One influential commenter felt it was insensitive when people were unemployed to spend money on public art. I would like to point out that the artist is not able to complete a project of that scale on their own in their free time, with materials scavenged out of dumpsters. Thus people had to be hired, and materials purchased, which again leads to people being paid. It can be argued that it is insensitive to the unemployed to downplay the economic benefit of these public art projects. In fact the artist and the city both made statements to the effect that 80 to 90% of that $500 000 stayed in (or stimulated) the local economy. In essence public art is a local economic subsidy that benefits many in ways besides the aesthetic appreciation. Complaining that too much is being spent on it during a time of unemployment may have the curious effect of causing cuts to funding which promote unemployment further, thus cutting the throat of the complainant’s basic argument, and maybe their income too as the competition for other jobs intensifies.

Next there is the critique that it would be great if the contract went to a local artist, rather than an international one.

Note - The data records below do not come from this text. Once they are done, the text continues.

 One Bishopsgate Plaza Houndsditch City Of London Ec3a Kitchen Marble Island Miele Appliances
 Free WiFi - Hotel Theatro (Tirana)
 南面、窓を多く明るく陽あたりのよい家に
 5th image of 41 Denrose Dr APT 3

Yes, I agree in theory it would be great to keep all of that money in our local economy, but I will admit that I don’t know all the ins and outs of why it was not possible. So as a wise person would, I will refrain from being outraged about it. I have heard a number of explanations, such as that contracts under a certain size may be reserved for locals however over a certain size they must be open to international bidders under free trade laws, and to close them might somehow jeopardize local artists from making bids internationally. Maybe this is the case, maybe not, but either way I won’t get angry about it until I know more than conjecture. It may even come down to no quality local bids made it to the table before the deadline. Should the project be held back until a suitable proposal can be filed by a local? I don’t know. I can attest myself to the difficulties in trying to get a proposal together for a large multifaceted project call, as captain, cook, crew and cabin boy of my own ship (dinghy).

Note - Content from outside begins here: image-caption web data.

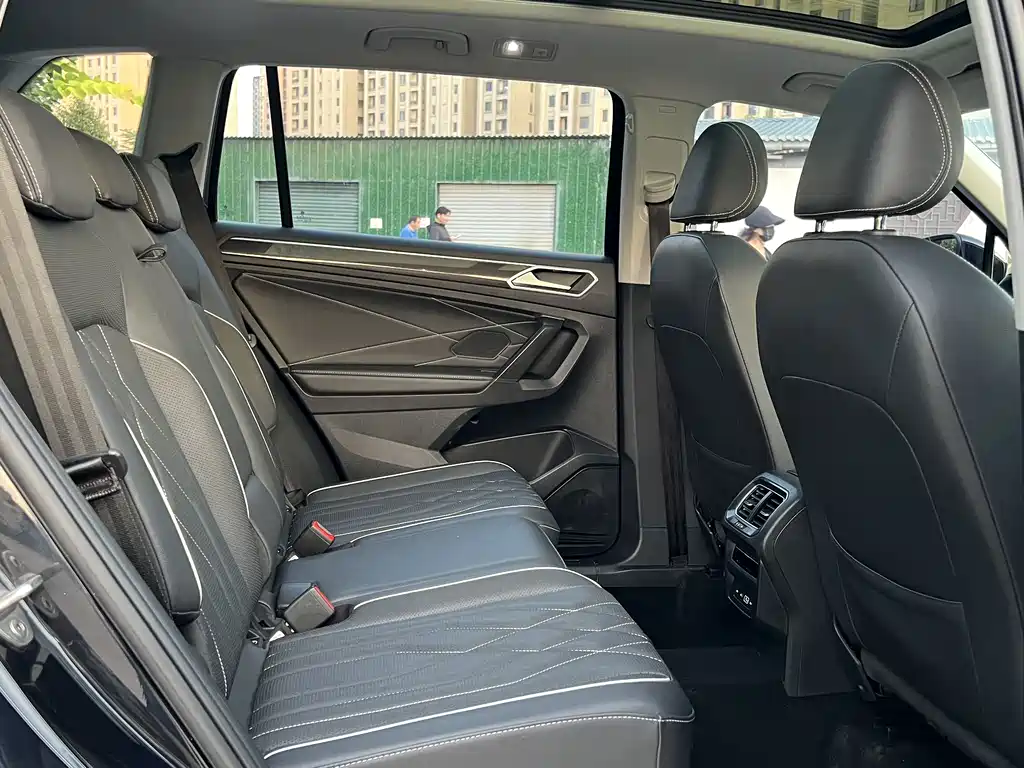 Volkswagen Tiguan L — миниатюра 13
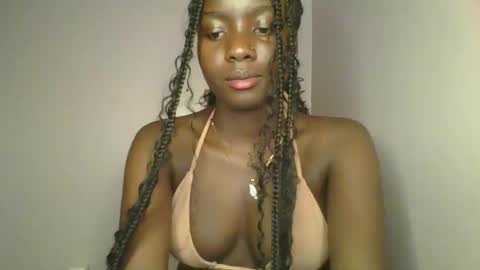 Snapshot of cutie_choco chatting on 13, 10, 2025 cutie_choco online show from 13, 10, 2025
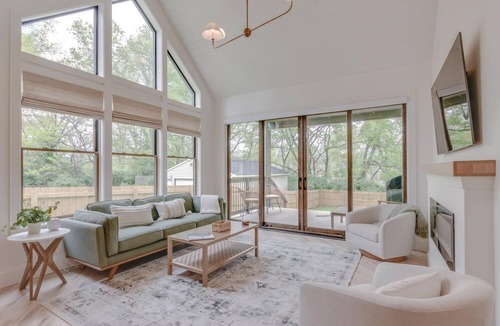 East End House | 30 Day Minimum - Elegant Home in East Nashville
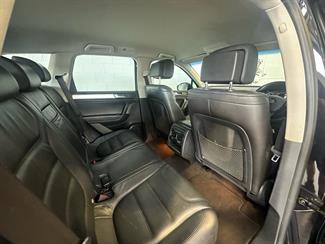 2014 Volkswagen Touareg - Thumbnail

So what was the result of all this outrage? Since it is an election year, they have decided to freeze awarding any new contracts until they can review the process (again, it was just reviewed a couple years ago after Traveling Light) by which public art is selected. Meanwhile public infrastructure projects will continue to be needed, so that percent I suppose is in limbo in the budget. Will it be cut again? Will it be consolidated into a mega project? Or will artworks need to be retrofitted to completed projects after construction? What will be the impact on smaller projects, such as the Painted Utility Box Program. Generally well received, it provides small commissions to local artists while helping deter vandalism to the utility boxes. That too is public art.

In the end, politicians like to please people, and if public art controversy does nothing but give them headaches, they have little incentive to support it. Thus I find people who call themselves artists, yet insist on getting on the outrage train, to be the most short sighted of critics; they are only serving to undercut what support the arts have by our civic leaders.